"Doing the right thing," British Gas crowed, begging to be forgiven for past sins and allowed to rebirth as your domestic goddess. Let's put all those years of monopolistic arrogance behind us, let's move on from those pesky Energywatch censures (inaccurate billing, increasing retail prices, a £200,000 fine from Ofgem for blocking customers from switching to rival suppliers). Now we're customer-focused, environmentally friendly, socially responsible and we'll come and fiddle with your dripping pipes at 5am when every other bugger in the Yellow Pages won't even answer the phone.
British Gas is on a £400 million programme of reinvention. It's five years since full deregulation of the UK energy market forced the company to transform from a high-handed supplier of an essential commodity to a meaningful brand offering a range of added-value services. It's invested in back-end infrastructure, customer handling, call-centres and 5,000 more engineers. Now it has a £50 million marketing budget to drive the message home and a wearisomely familiar ad strategy to underpin it all.
The new TV ads, by Clemmow Hornby Inge, star Ricky Tomlinson, a man always a heartbeat away from spitting "my arse", and, here's a thing, are set in a training academy where recruits are taught the ropes of customer service. It's more well-worn than the channel-zapping button on your remote control, more hackneyed than a black cab, but then this is a campaign designed to reassure and comfort, not challenge and stimulate.
The vignettes are actually done with a nicely simple humour and deliver a well-defined message: British Gas does more than gas and is trying to be more customer-focused. The hapless recruits are a bit too gullible to be entirely reassuring, and Tomlinson is not exactly a likeable figurehead for an all-too-faceless corporate giant. But they made me smile.

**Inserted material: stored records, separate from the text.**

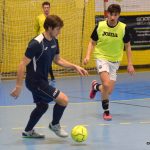 FUTSAL: Poslední čtvrtfinálové vstupenky berou Chelsea a Orcas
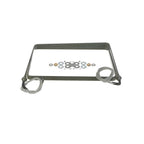Henny Penny 161612-003 Heat Element Service Kit 240V 8.5kW for PXE-100 Pressure Fryers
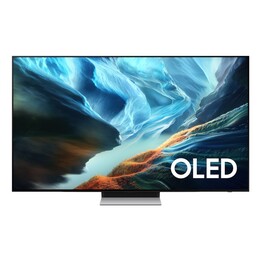 Samsung QE55S90HAE Smart TV 4K Ultra HD Wi-Fi de 139,7 cm (55") - Preta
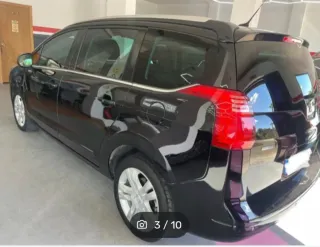 Peugeot 5008 7 plazas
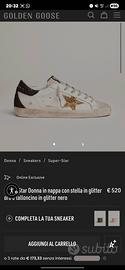 Golden Goose Donna 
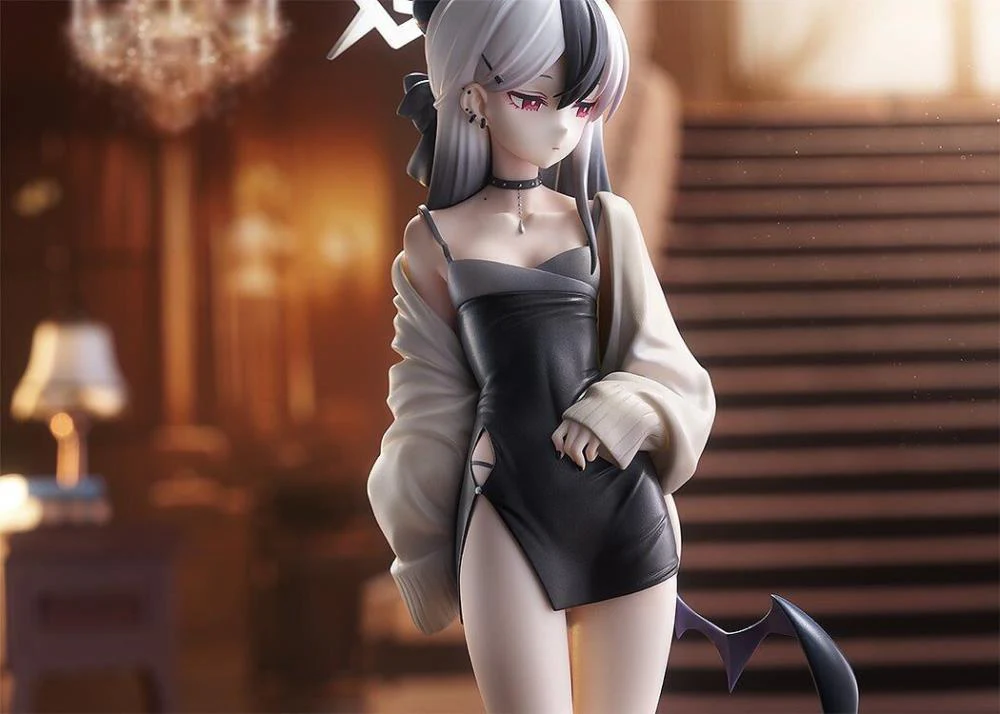 Blue Archive Kayoko (Dress) 1/7 Scale Figure - Image 4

In a market where the vast majority of us couldn't give a sod who supplies our gas or electricity as long as there's heat and light, customers have tended to switch suppliers in search of cheaper deals. The danger with the latest TV ads is that they immediately make you think again about rival suppliers and cost. So the TV work is backed up by an outdoor campaign with a couple of cracking special-build posters that cut to the chase beautifully. One poster is slashed in half with the rather obvious but effective message "cut your bills". Another is upside down, "Because things go wrong".

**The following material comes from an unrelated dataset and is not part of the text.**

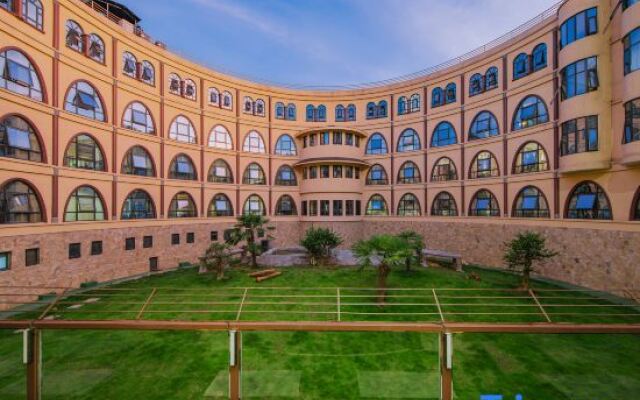 Zhongnan Lion King Resort Hotel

British Gas' share of the residential gas market is still slipping (down to 63 per cent by the first half of this year), electricity is notching up (to 24 per cent) and it has almost 400,000 telephony customers, but battling on price is not a long-term strategy in what is essentially a low-margin business. Backed by the might and experience of Centrica, British Gas is well placed to stretch its brand into higher-margin services and attract higher-value customers. And, of course, the more add-on services you can sell to those customers, the more difficult you make it for them to switch energy supplier.

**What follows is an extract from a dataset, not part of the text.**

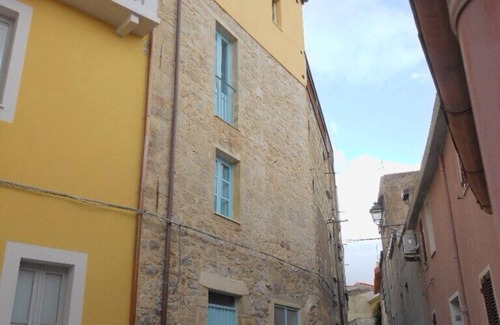 Cuglieri House | DOMO TIA ROSINA - IUN P3203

In a world of confusing energy brands, dodgy tradesmen who can't be arsed to turn up, and appliances bent on self-destruction, British Gas wants to offer peace of mind. The TV campaign, for all its predictability, is a decent start.
Dead cert for a Pencil? Probably not even in the "best training academy
ad" category.
File under ... S for safe and reliable.
What would the chairman's wife say? "How appropriate to have a member of
the royal family in your advertising, darling."